Records from a data source:
--- --- ---
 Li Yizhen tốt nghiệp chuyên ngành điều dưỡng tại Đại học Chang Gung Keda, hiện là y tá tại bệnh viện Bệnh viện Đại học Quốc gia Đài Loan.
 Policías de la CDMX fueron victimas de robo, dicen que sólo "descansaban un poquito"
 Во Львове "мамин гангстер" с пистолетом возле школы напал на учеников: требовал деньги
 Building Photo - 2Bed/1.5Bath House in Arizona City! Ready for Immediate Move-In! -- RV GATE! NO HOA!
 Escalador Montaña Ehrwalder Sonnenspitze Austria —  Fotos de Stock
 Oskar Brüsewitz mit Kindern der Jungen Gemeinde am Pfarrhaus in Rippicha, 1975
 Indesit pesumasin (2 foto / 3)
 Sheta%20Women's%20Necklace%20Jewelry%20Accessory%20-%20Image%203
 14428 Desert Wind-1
--- --- ---
TASK PROMPT:
All lines from the one containing "Indesit pesumasin (2 foto / 3)" through the end of the records, both ends included, are to be quoted exactly; please add nothing else.

OUTPUT:
 Indesit pesumasin (2 foto / 3)
 Sheta%20Women's%20Necklace%20Jewelry%20Accessory%20-%20Image%203
 14428 Desert Wind-1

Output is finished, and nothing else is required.